Há ou não há no relato de Santo Agostinho muita semelhança do que se gozava no império romano com os dias atuais? Vejamos algumas semelhanças:

que não se lhes mande dureza, nem se lhes proíba coisa torpe; que os reis não atentem a se são bons e virtuosos seus vassalos, mas se obedecem suas ordens;

Não há um só país do mundo de hoje em que os governantes se preocupem que seus cidadãos sejam bons ou ruins, mas apenas que cumpram suas ordens, suas leis. Porisso, ninguém suporta que o governo crie leis que lhes exijam sacrifícios, como ocorre agora na Europa com os protestos contra as duras leis de contenção de despesas dos governos em crise.
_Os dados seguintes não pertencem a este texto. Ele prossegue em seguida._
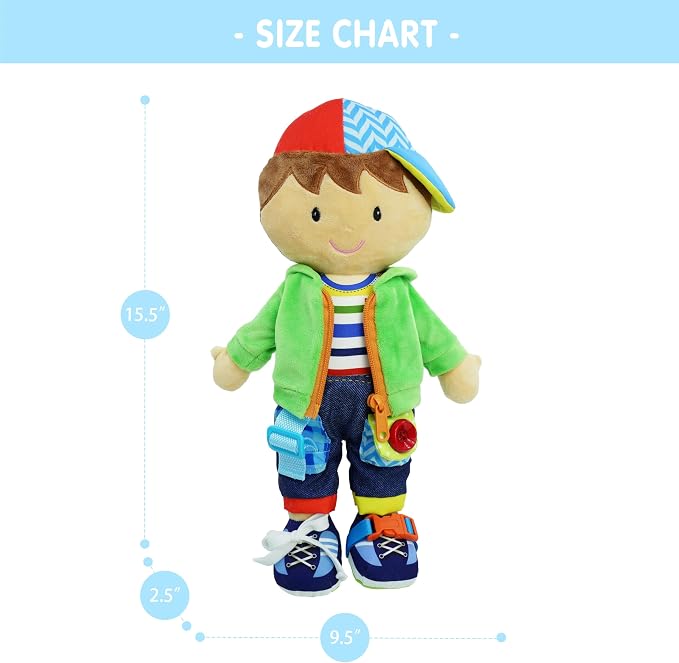 June Garden Personalized Dressy Friends Terry - Educational Stuffed Plush Doll for Kids and Toddlers 2 Years and Up - Montessori Buckle Soft Toy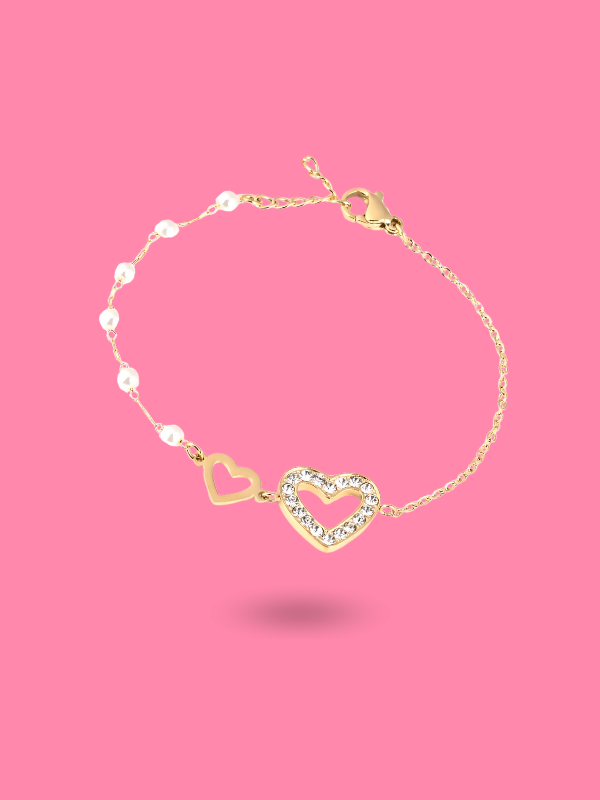 PEARL AND HEART BRACELET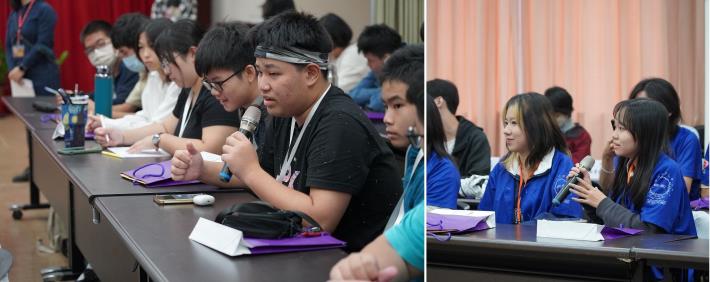 高雄市及臺南市兒少代表提問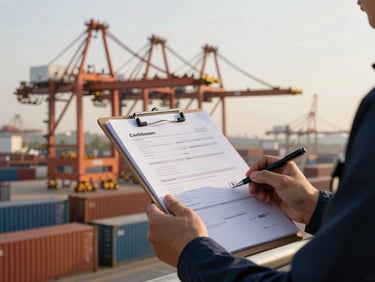 Close-up of shipping documents on a clipboard held by a professional, container terminal cranes in the background, sharp focus, morning light.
que o povo aplauda , não aos que o persuadam o que lhe importa, mas aos que lhe proporcionam gostos e deleites;


A tendência de todo governante do mundo moderno é alcançar os melhores níveis possíveis de popularidade e, para tanto, existem diversos institutos de pesquisas que medem constantemente o grau de aceitação de seu governo entre o povo. Mas, para conseguir esta sonhada popularidade nenhum deles se arrisca a editar leis que causem sofrimento á população, mesmo que possa ser benéfica ao bem comum. Como diz-se por aí: pão e circo alegre o povo. Basta dizer que é próprio das constituições de quase todos os países atuais falar quase somente dos “direitos” de seus concidadãos, mas nem sempre dão ênfase aos “deveres”, que deveriam ser correlatos e até mais importantes do que os direitos.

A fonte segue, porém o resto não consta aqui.